*Work instructions:* Nothing may be left out of the listing below but its images; repeat the rest exactly.

*Data excerpt:*
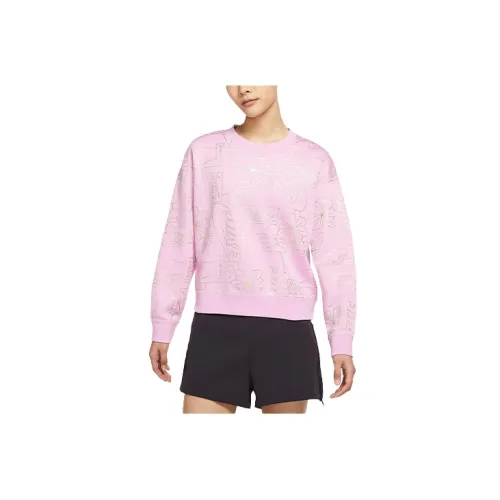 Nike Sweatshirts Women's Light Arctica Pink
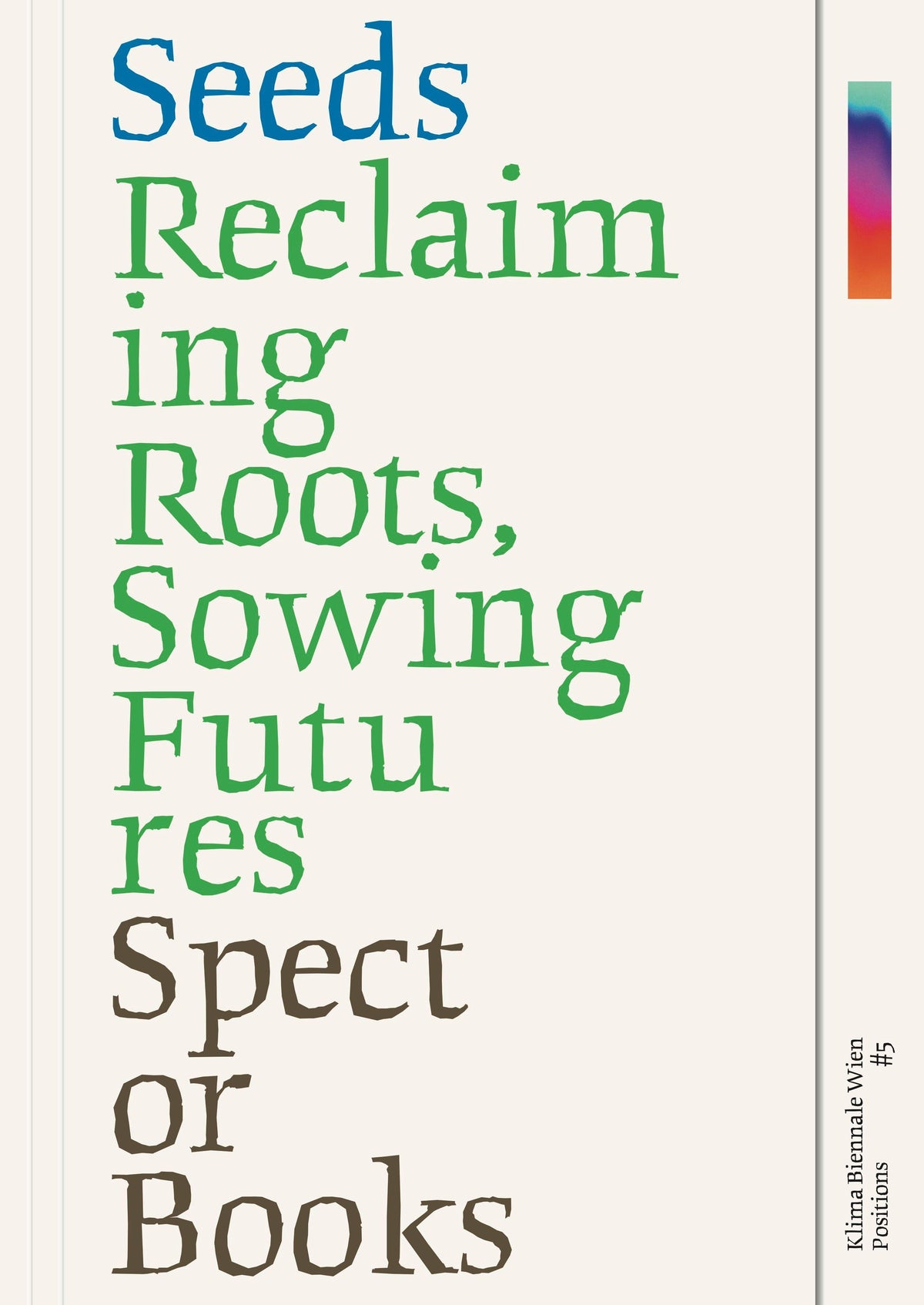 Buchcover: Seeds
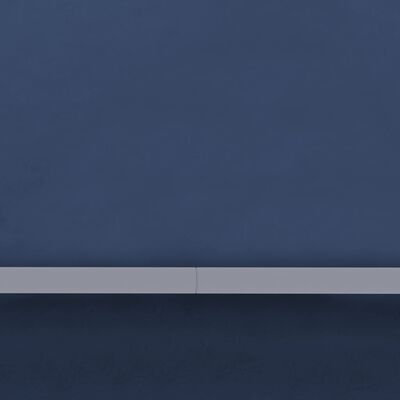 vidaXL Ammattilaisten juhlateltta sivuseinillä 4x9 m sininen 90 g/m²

*Output for this exercise:*
 Nike Sweatshirts Women's Light Arctica Pink
 Buchcover: Seeds
 vidaXL Ammattilaisten juhlateltta sivuseinillä 4x9 m sininen 90 g/m²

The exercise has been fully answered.